The Indian poultry industry is taking drastic measures to counteract the sharp increase in soybean meal prices, which have surged by over 40% in the past month. This essential feed component's price hike has significantly raised production costs, prompting industry leaders to reduce poultry production by 25%.
Industry-Wide Response
In a recent meeting chaired by Bahadur Ali, Chairman of the All India Poultry Breeders Association, several key industry bodies, including the Compound Livestock Feed Manufacturers Association of India (CLFMA) and the Karnataka Poultry Farmers and Breeders Association (KPFBA), discussed the crisis. The consensus was to cut production immediately to manage the financial strain.
"The increase in soybean prices is primarily due to hoarding and speculative trading," noted industry representatives.
Supply Chain Challenges
The price surge is attributed to speculative trading despite adequate domestic production. The National Agricultural Cooperative Marketing Federation of India (NAFED) has been implicated in these activities, with stockists allegedly manipulating prices.
- Breeder Stock Culling: To manage excess supply, breeder stocks are being culled, with prices dropping from Rs 140 to Rs 65 per bird.

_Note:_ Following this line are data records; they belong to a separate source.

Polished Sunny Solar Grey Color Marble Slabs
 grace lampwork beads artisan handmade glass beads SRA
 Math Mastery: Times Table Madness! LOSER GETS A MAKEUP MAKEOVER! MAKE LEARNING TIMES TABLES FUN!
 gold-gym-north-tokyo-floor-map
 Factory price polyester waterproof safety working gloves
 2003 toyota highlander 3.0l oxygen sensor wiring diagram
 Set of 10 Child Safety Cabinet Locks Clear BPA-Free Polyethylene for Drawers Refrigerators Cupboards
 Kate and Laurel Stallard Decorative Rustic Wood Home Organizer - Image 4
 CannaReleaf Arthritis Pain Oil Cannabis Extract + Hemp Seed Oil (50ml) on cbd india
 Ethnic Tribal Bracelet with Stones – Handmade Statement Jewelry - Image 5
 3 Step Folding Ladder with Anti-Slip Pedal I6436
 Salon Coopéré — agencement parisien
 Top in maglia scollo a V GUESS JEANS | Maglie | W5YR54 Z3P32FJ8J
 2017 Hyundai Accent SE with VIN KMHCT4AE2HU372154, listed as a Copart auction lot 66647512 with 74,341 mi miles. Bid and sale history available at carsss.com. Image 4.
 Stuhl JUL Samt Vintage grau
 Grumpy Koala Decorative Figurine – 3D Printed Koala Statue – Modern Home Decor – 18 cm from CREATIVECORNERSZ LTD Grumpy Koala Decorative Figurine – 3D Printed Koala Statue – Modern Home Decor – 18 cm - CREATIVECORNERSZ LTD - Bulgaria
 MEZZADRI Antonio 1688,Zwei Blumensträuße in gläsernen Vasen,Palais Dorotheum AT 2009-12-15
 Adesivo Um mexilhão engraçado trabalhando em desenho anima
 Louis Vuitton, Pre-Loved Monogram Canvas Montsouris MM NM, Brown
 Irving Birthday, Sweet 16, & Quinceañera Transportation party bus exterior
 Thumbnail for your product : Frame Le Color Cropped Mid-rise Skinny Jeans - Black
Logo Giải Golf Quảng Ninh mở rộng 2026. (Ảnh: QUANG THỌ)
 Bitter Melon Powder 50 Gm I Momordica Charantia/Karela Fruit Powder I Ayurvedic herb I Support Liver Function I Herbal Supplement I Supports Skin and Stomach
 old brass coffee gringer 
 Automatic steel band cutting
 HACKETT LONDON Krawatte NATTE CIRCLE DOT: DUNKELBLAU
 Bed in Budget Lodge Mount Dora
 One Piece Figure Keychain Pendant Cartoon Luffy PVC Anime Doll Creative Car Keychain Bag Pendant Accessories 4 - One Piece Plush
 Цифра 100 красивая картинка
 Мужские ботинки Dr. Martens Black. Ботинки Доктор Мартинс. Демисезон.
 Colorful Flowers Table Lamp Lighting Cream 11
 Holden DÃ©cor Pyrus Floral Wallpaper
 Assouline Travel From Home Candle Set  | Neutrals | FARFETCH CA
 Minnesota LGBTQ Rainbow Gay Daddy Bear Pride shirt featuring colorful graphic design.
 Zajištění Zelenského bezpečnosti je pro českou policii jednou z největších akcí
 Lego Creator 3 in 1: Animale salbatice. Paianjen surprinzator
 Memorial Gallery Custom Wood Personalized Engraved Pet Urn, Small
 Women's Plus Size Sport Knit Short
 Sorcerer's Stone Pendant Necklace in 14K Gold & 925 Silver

- Import Demands: The industry is urging the government to allow the import of GM soybean meal to stabilize feed costs.
Seasonal Demand Fluctuations
The production cut aligns with a traditional decline in chicken consumption during the monsoon and festival months of July to October, including Sawan, Navratri, and Durga Puja.
Price Outlook
The industry remains hopeful for government intervention to permit GM soybean meal imports, which could provide relief. The USDA and FAO data will be crucial in assessing future supply and demand dynamics.
| Month | Soybean Meal Price Increase | Poultry Production Cut |
|---|---|---|
| May 2026 | 40% | 25% |
| June 2026 | Continuing | Continuing |
The poultry sector's future hinges on regulatory decisions and market adjustments to stabilize feed prices.